Filière d'Artigat
La filière d'Artigat[1] ou communauté d'Artigat[2] est une filière djihadiste basée au lieu-dit Les Lanes à Artigat, en Ariège. Dirigée par Olivier Corel, elle forme de nombreux djihadistes dont Mohammed Merah.
Historique
Années 80 : les débuts
À la fin des années 1980, Olivier Corel (né Abdulilah al-Dandachi), musulman originaire de Syrie et naturalisé français en 1983, s'installe avec sa femme dans une vieille ferme sur les hauteurs d'Artigat au lieu-dit Les Lanes. Surnommé « l'Émir blanc d'Artigat »[3], il fonde en 1987 une communauté islamiste d'obédience salafiste piétiste et attire ainsi une dizaine de familles, pour la plupart des Français récemment convertis à l'islam, qui construisent leurs maisons dans le hameau[4]. La communauté qui vit de façon recluse périclite au bout de quelques années.
Olivier Corel est parti rejoindre les rangs de l'État islamique du Levant après avoir passé cinq ans en prison. Il a ensuite été à l'origine d'une des filières majeures du djihadisme en France, la « filière d'Artigat ». Il est ainsi devenu un proche de Mohammed Merah et de sa famille, ainsi que de Fabien Clain (dit Omar), qui a revendiqué les attentats du 13 novembre 2015 pour l'État islamique.
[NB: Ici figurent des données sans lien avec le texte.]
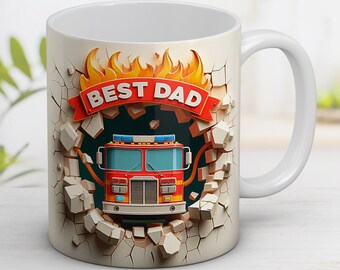 3D Best Dad Firefighter Mug Wrap Father's day gift 11oz and 15oz Mug, Dad gift Design Sublimation Wrap Template Instant Digital Download PNG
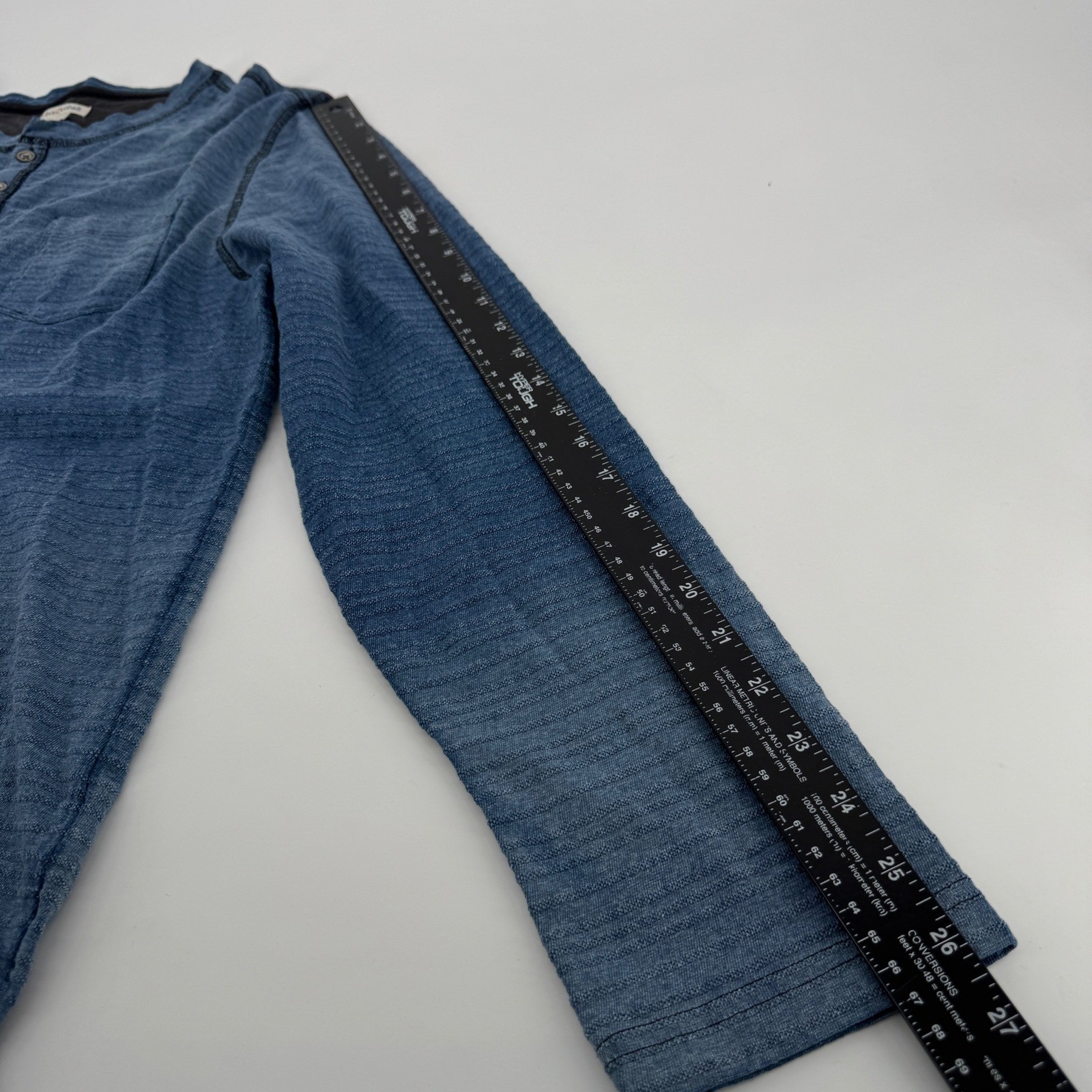Carbon2Cobalt Mens Blue Ombre Textured Long Sleeve Henley Shirt Large Cotton gallery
2007: arrestation d'Olivier Corel
En février 2007, une perquisition est menée chez lui. Les policiers découvrent des images de Ben Laden et d'Al-Zarqaoui, ex-chef d'Al-Qaïda en Irak et des livres djihadistes.
Olivier Corel est alors mis en examen pour « association de malfaiteurs en relation avec une entreprise terroriste » par le juge Marc Trévidic et placé sous contrôle judiciaire avant de bénéficier d'un non-lieu[5].
Thomas Barnouin, Sabri Essid, Fabien Clain et cinq de leurs complices seront condamnés en décembre 2009 à cinq ans de prison[6]. Après avoir purgé leur peine, les membres d’Artigat n’ont pas renié leurs convictions puisqu'en janvier et février 2014, plusieurs dont Jean-Michel Clain, Imad Djebali, Sabri Essid (dont le père a épousé la mère de Mohammed Merah), Mohamed Megherbi (époux de l'une des sœurs de Fabien Clain) ou Thomas Barnouin trompent la légère surveillance dont ils font l'objet et rejoignent la Syrie avec femmes et enfants[6].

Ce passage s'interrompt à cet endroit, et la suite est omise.